De même, bien qu’élevé dans la tradition chrétienne, je doute qu’on me reconnaisse la qualité de chrétien. Ma foi ne repose pas en effet sur un dogme, mais sur la conscience claire de la relation qui unit le principe corporel et le principe spirituel. Je ne sais pas s’il faut invoquer le sacré quand on parle des principes premiers de l’être. Le Christ avec lequel j’ai bataillé n’est peut-être au fond qu’une métaphysique, mais cette métaphysique au moins je ne l’ai pas reçue, je l’ai conquise. Elle est tard venue il est vrai, mais c’est que j’ai eu besoin de tous mes jours pour parvenir jusqu’à elle, et voir ce que les yeux ne peuvent normalement voir. Son visage tourné vers l’Orient, et son visage tourné vers l’Occident, fuyant mon obstination à la deviner, absente où je croyais la saisir, elle a fait sa place en moi au moment où je m’y attendais le moins, parce que son absence même se trouvait au fond de moi. C’est là que je t’ai cherché, et c’est là que je t’ai trouvé, Christ inattendu, sagesse intempestive. Et si la foi que je me suis forgée n’a pas de garde-fou, je ne m’en préoccupe pas. Si peu que soit ce que j’ai trouvé, et aussi invraisemblable qu’il me fût échu de le trouver, je l’ai trouvé. Christ, Bouddha ou Mahomet, je n’ai lié mon âme à aucun de vous, mais j’ai retenu ce qu’il y a en vous de commun et je l’ai fait mien. Cela ne fait pas de moi un mécréant, tout au plus un témoin quelque peu solitaire du grand spectacle du monde.

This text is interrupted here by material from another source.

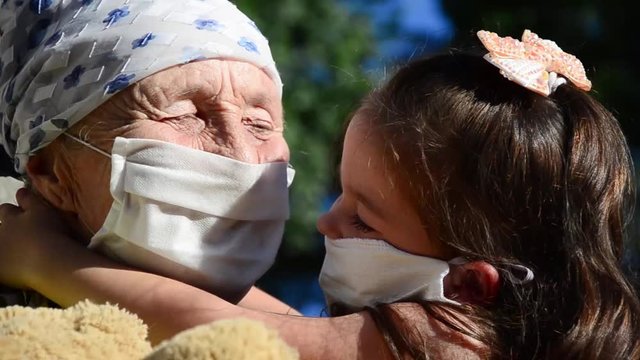 Joyful emotions of a small child and an old grandmother. Baby smile close up. Grandmother and child in protective medical masks close-up. The kid hugs his grandmother with sincerity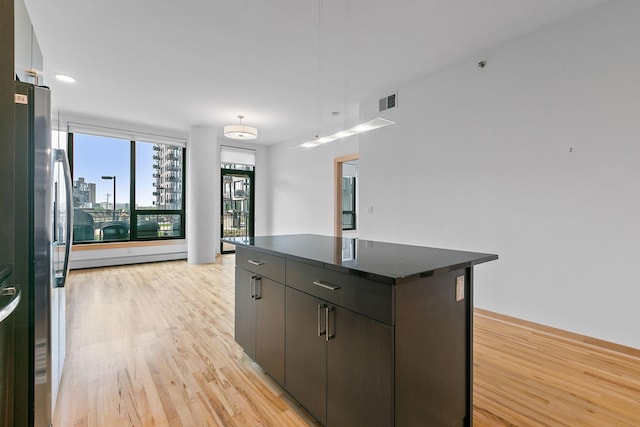 1240 2nd St Unit 225, Minneapolis, MN 55415 - kitchen featuring light wood finished floors, a kitchen island, freestanding refrigerator, and a city view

Longtemps j’ai enseigné l’Aikido comme un aveugle guiderait des mal-voyants, longtemps les livres que j’ai lus n’ont fait qu’ajouter la confusion à mon jugement irrésolu. Et je me demande aujourd’hui comment une lumière – aussi faible soit-elle – a pu sortir d’une nuit si épaisse. Mais n’est-ce pas l’essence même de la lumière que de surgir de la profondeur de la nuit ? Pourrait-elle, cette lumière, naître ailleurs qu’au plus fort des ténèbres qu’elle déchire, et voyager autrement que sur les ailes noires du corbeau du cœur de la nuit ? Pourrait-elle en un mot être lumière s’il n’y avait l’obscurité ? Je ne considère pas l’obscurité comme une adversité.

Sur cette route de l’Aikido où j’ai pris la liberté d’une pause, si je me tourne maintenant et que je regarde à nouveau devant moi, je discerne encore bien mal le paysage qui se dégage de la brume. Mais sous mes pieds le sol est stable enfin, et je peux marcher aussi loin et aussi longtemps que mes jambes me porteront, jusqu’au moment où la force qui m’a abandonné sera finalement réunie à cette autre force que je suis né pour rejoindre.